Nasce da un'esigenza. «Cosa serve per fermare queste persone? Abbiamo messo due avvocati, due dottoresse, un consulente finanziario e ci siamo affidati alla Caritas. Chi viene da noi ha toccato il fondo. Il problema non è fermare i giocatori, ma ridare serenità a una madre, a un padre, a una moglie. Chi viene da noi, dopo otto mesi ha qualche piccola ricaduta, ma non sta giocando. Noi abbiamo dei gruppi di auto, mutuo aiuto, facciamo anche delle cene perché chi viene qui non ha più neanche un amico.Prima facciamo un colloquio per vedere se ci sono altre dipendenze.
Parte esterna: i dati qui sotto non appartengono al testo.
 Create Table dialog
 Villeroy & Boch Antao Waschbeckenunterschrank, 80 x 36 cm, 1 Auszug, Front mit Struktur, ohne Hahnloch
Spesso ci sono dipendenze più gravi, come la droga. Ma levare i soldi a un giocatore è come levare la droga a un drogato. Noi abbiamo vinto un bando, il nostro obiettivo è fare prevenzione. Il giocatore è un malato, con una dipendenza non facile da rilevare. Io giocavo 4/5.000 euro al giorno, quando tornavo a casa lasciavo fuori la maschera da giocatore. Quando vengono da noi,tranne due telefonate, sono sempre i familiari».
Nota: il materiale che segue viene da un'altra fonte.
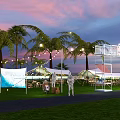 Garden Landscape With Sunset Palm Trees Tents String Lights And Bunting Flags On Grass Lawn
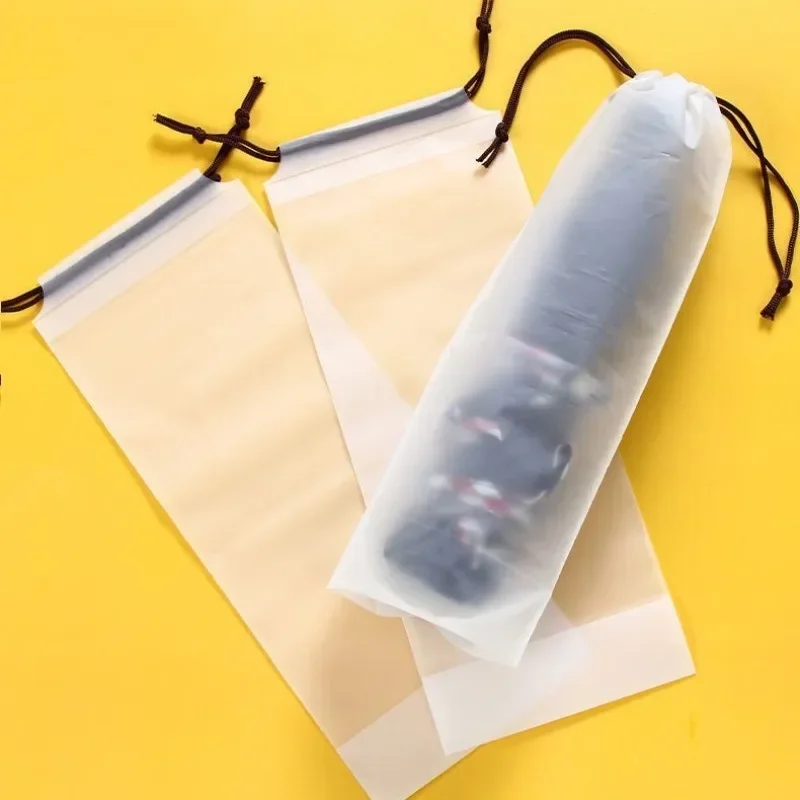 Collapsible Umbrella Storage Waterproof Bag Wet Carry-On Bag Reusable Umbrella Cover for Travel Translucent Drawstring Pocket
Il giocatore patologico presenta anche elementi positivi. «Sul posto di lavoro si ha un incremento della produttività - dice l'assistente sociale di No game Valentina Cedrone - per incrementare il reddito da giocare. È scientificamente provato che tutti i soggetti della famiglia avranno disagi: i figli hanno maggiori probabilità di sviluppare lo stesso meccanismo».